# Smelly Jelly and Such



## jwalker (Jan 3, 2012)

What are your favorite types of smelly baits, jellys, lotions or even homemade smelly baits? Which ones work best for what fish?

I've had a lot of great success with the baitfish Smelly Jelly Sticky Liquid with trout and perch. It's hit and miss but some times it makes all the difference between not a single bite and getting a ton of hits.


----------



## DallanC (Jan 13, 2009)

I make some homemade ones now... but I also use Baitfish Smelly Jelly along with Anise. I have some Shrimp but its terrible, skip that stuff. You should also look up the Pro-Cure scents, they have alot of neat types but its pricy stuff.


-DallanC


----------



## Ton_Def (Dec 23, 2008)

Eh. The scents are only as good as your faith in them. I use Pro Cure exclusively and only if I haven't had action and have tried everything else, which I usually catch something before resorting to the stink. In the summer and late ice, I use "Trophy Trout" flavor for trout, and it's pretty killer on Lake Trout trolling. I will occasionally use "Garlic Crawfish", for most anything if it's reeeeallly slow, just don't use it an enclosed tent!


----------



## k2muskie (Oct 6, 2007)

Just spit on the offerings...you'd be surprised what that'll do...I spit on my knot and lure and boated a PB in 2011 haven't told anyone that till now...so there you go...but hey more fishing stuffage catchs anglers than fish is what we see and we do fall victim to that being 'victim' to fishing lures, gizmos and all them pretty colors to our eyes...  

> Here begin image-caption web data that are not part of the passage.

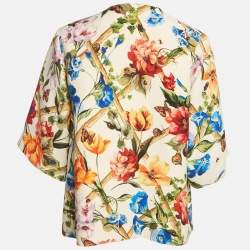 Pre Owned جاكيت دولتشي أند غابانا كريمي مطبوع بزهور قماش كريب أزرار أمامية مقاس صغير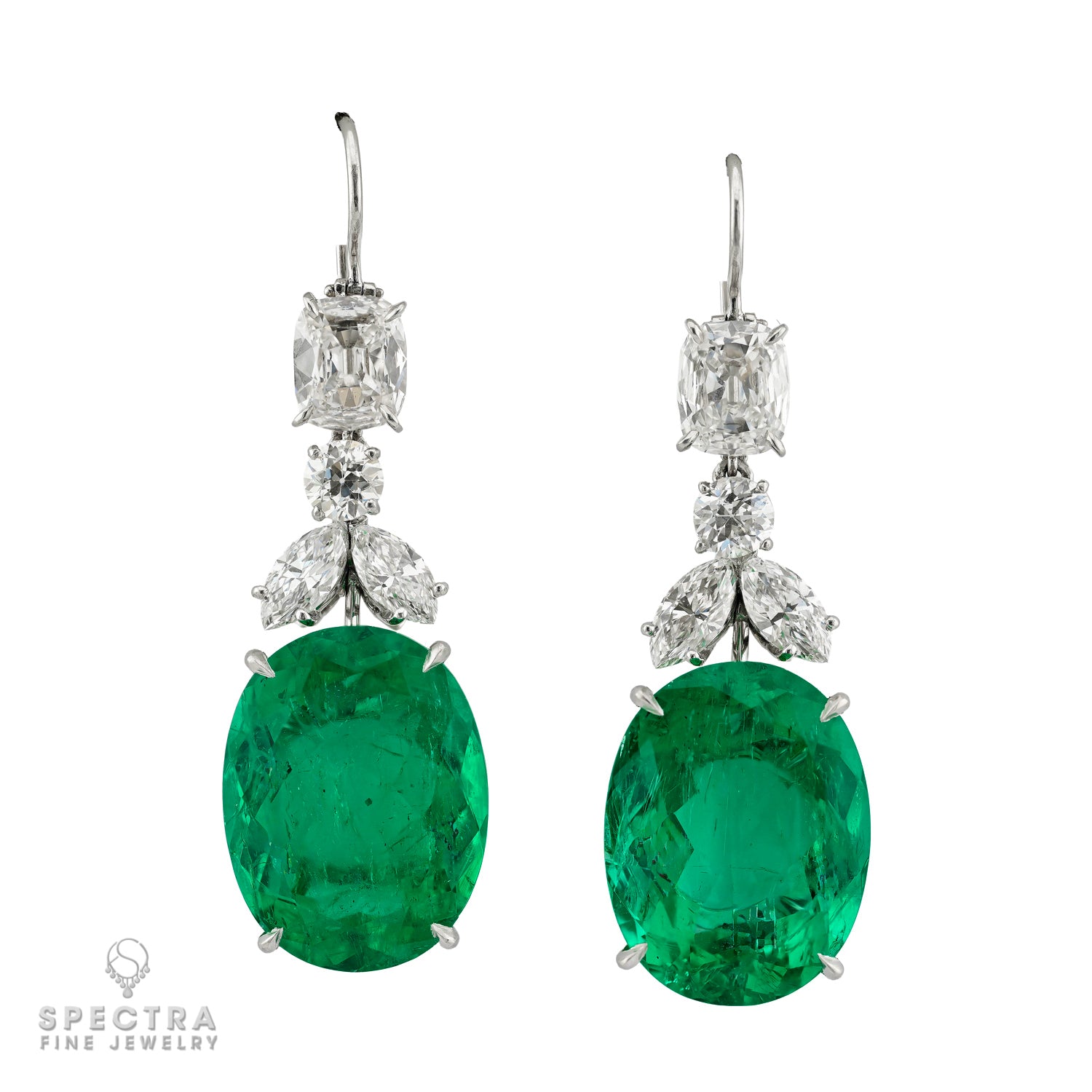 Colombian Emerald & Diamond Drop Earrings in Platinum | 32.27 ct
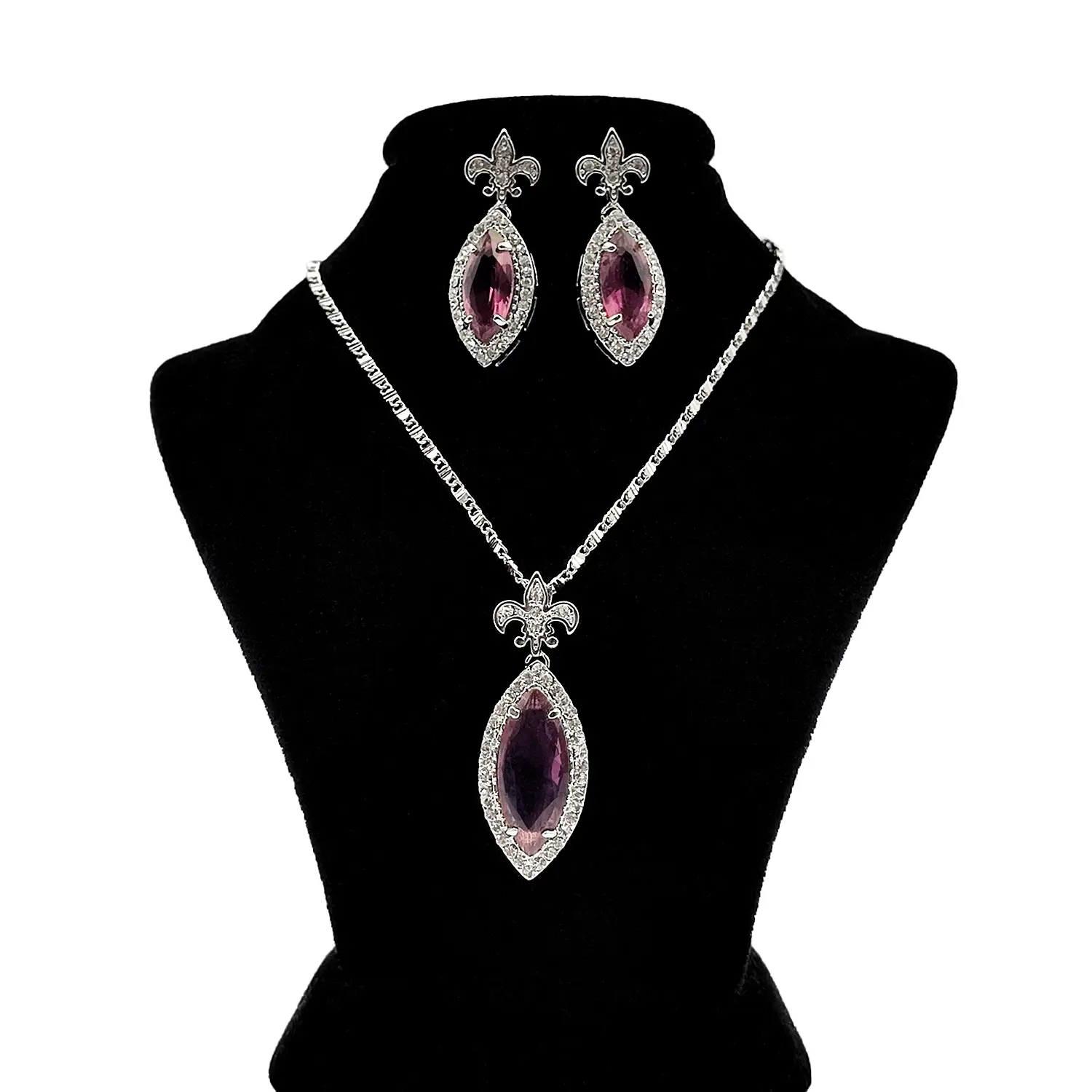 نیم ست نگین دار لوزی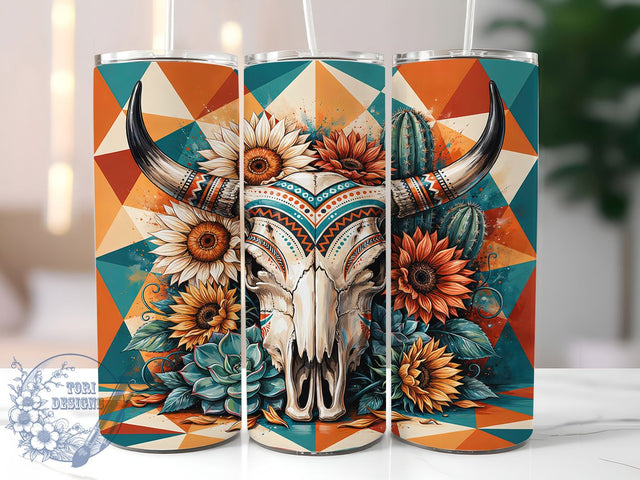 Teal Orange Tribal Cow Skull 20oz Tumbler, Teal Tribal, Orange Cow Skull, Western Motif, Sublimation Wrap, 20oz Tumbler, Rustic Aesthetic, Boho Charm Sublimation ToriDesigns 
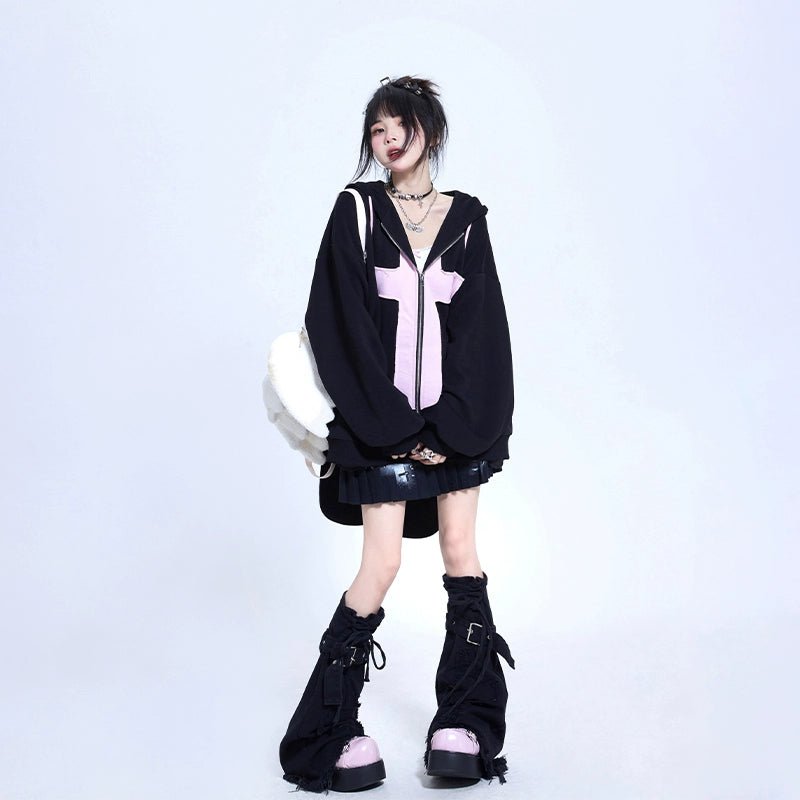 うさみみ クロス アップリケ オーバーサイズ ジップ パーカー - grimoire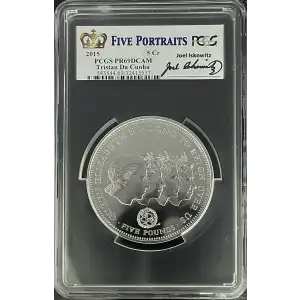 2015 - Five Portraits PCGS PR69DCAM 5Cr - Tristan Da Cunha 4.995oz Silver (D-8)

A truly amazing Mama Nature species including a speciex with the brain maybe the size of a piece of corn makes us spend so much time pondering and $$$$$$$$$$$$$$$$$$$$$$$$$$$$$$...**** them -O<- -O<- !!!!! Spit on the lure and see what happens is my recommendation... :mrgreen: :mrgreen:


----------



## wyogoob (Sep 7, 2007)

Smelly Jelly in blue, for my kokanee terminal tackle. Crawfish Smelly jelly for small mouth and lake trout.


----------



## americanforkdude (Sep 13, 2007)

I'm like Ton_Def. I usually only resort to them if nothing else is working. I do like using crawdad smelly jelly if there is no bite. I haven't had much luck with anise. My fishing buddy makes scents and baits and his usually get my vote. He has some liquid scents that are killer.


----------



## hardman11 (Apr 14, 2012)

just plain old garlic oil and anise flavoring or bannana


----------